The correct answer is:

**2. A vector that is compared against keys to compute attention scores** 

In **attention mechanisms**:

* **Query (Q)** → represents what we are looking for (e.g., the current decoder state).
* **Key (K)** → represents the attributes of the input sequence elements.
* **Value (V)** → contains the actual information to be aggregated.

The **query** is matched against the **keys** to produce **attention scores**, which are then used to weight the **values**.

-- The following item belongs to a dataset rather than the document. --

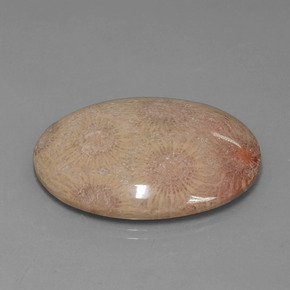 56.57克拉天然珊瑚化石，椭圆形切割，不透明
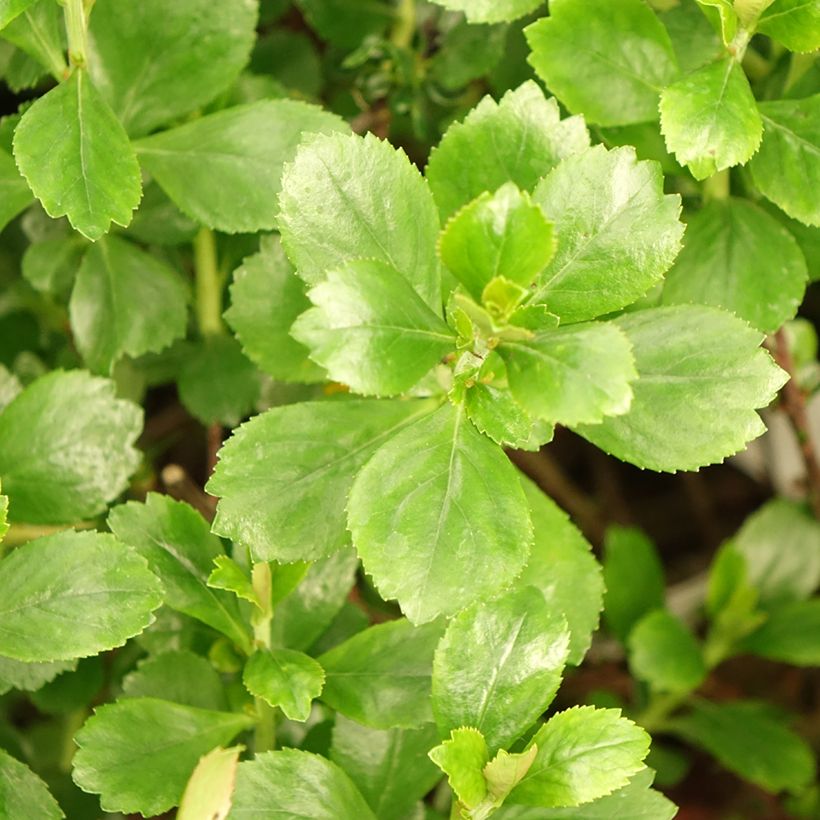 Escallonia Donard Radiance (Foliage)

### Q30. In a Transformer model, how does self-attention differ from cross-attention? 
1. Self-attention only considers the query sequence itself, while cross-attention involves both  the query and a separate context 
2. Self-attention is used only during inference, while cross-attention is used during training 
3. Self-training computes attention between different models, while cross-attention is withing a single model 
4. Self-attention involves multiple sequence, while cross-attention is limited to a single sequence

The correct answer is:

**1. Self-attention only considers the query sequence itself, while cross-attention involves both the query and a separate context**

* **Self-attention** → Query (Q), Key (K), and Value (V) come from the **same sequence**. Example: encoder self-attention lets each token attend to all tokens in the input.
* **Cross-attention** → Q comes from the **decoder**, while K and V come from the **encoder output**. Example: in machine translation, the decoder attends to the encoder’s representation of the source sentence.

This is how the Transformer decoder connects input (source) and output (target) sequences.